Data block -
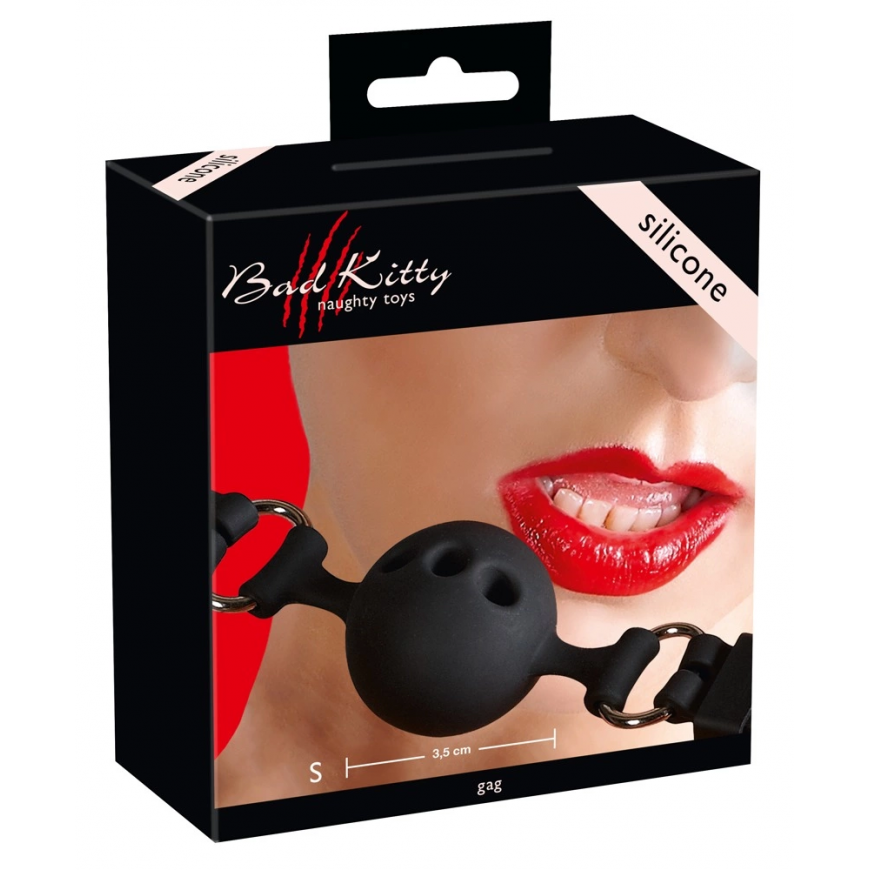 Bad Kitty - Black Silikonowy Knebel Z Otworami Mały – 2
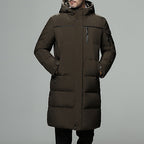 Hooded Longline Puffer Coat Men's Black – Casual, Outdoor Winter Jacket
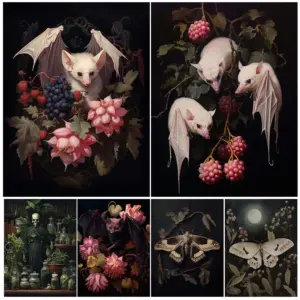Albino Fruit Bat And Moon Moth  Dark Gothic Academia Wall Art Canvas Painting Greenhouse Dark Apothecary Art Poster Print Decor
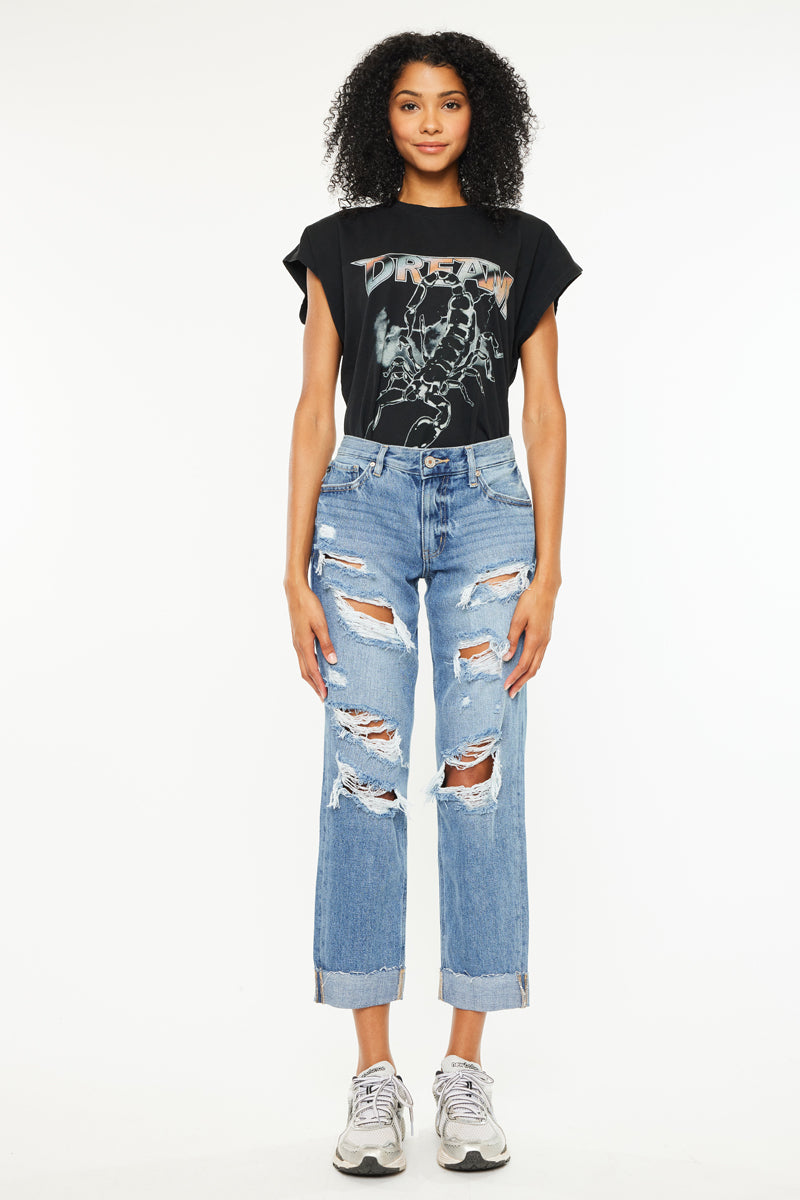 Delta Mid Rise Boyfriend Jeans for Women - Comfortable Stretch Denim Pants - Casual Everyday Wear for Outings & Weekend Style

What the exercise asks - Find the line holding "Albino Fruit Bat" in the data above. Retype it and every later line exactly, through the end, but not the pictures.

Output for this exercise -
Albino Fruit Bat And Moon Moth  Dark Gothic Academia Wall Art Canvas Painting Greenhouse Dark Apothecary Art Poster Print Decor
 Delta Mid Rise Boyfriend Jeans for Women - Comfortable Stretch Denim Pants - Casual Everyday Wear for Outings & Weekend Style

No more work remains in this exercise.